Ans. Bioremediation is the use of living organisms, such as bacteria, fungi, or plants, to detoxify and remove pollutants from the environment. These organisms break down or transform the pollutants into less harmful substances.
3. How does air pollution affect human health?
Ans. Air pollution can have serious impacts on human health. Breathing in polluted air can lead to respiratory problems, such as asthma and bronchitis. It can also increase the risk of heart disease, stroke, and lung cancer. Long-term exposure to air pollution can even shorten life expectancy.
4. What are the sources of water pollution?

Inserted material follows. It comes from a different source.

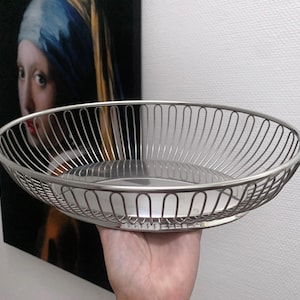 Könnte beinhalten: Eine silberne Obstschale aus Draht mit einer glänzenden, reflektierenden Oberfläche. Die Schale ist oval geformt und hat einen erhöhten Rand.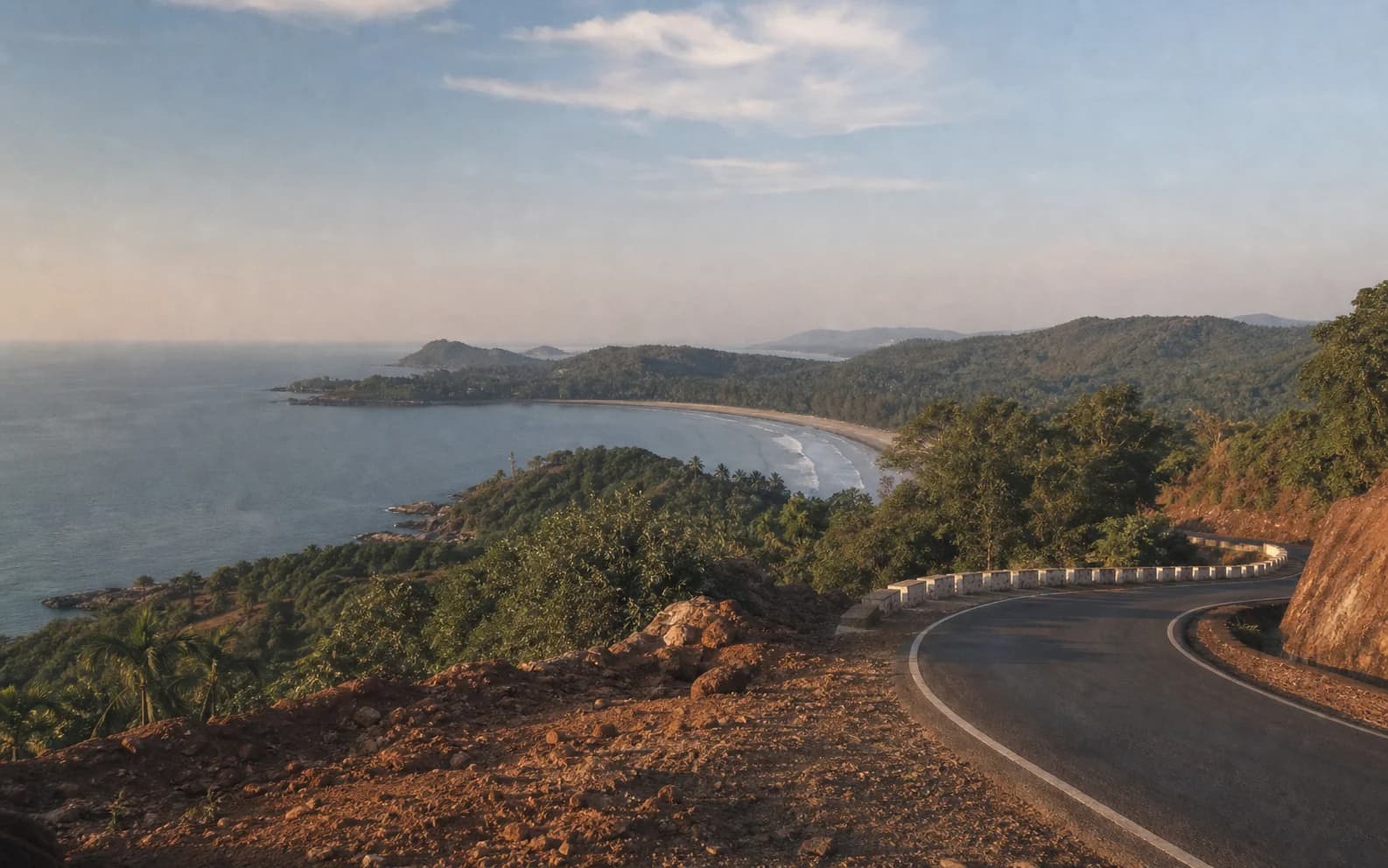 A coastal road curving toward Gokarna with forested headlands and the Arabian Sea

Ans. Water pollution can come from various sources, including industrial waste, sewage and wastewater, agricultural runoff, oil spills, and chemical pollutants. These sources can contaminate lakes, rivers, and oceans, making the water unsafe for drinking, swimming, and supporting aquatic life.
5. How can individuals help reduce pollution?
Ans. Individuals can help reduce pollution by conserving energy and using energy-efficient appliances, cars, and light bulbs. Proper waste management, such as recycling and composting, can also reduce pollution. Additionally, using public transportation, carpooling, or walking instead of driving can help decrease air pollution.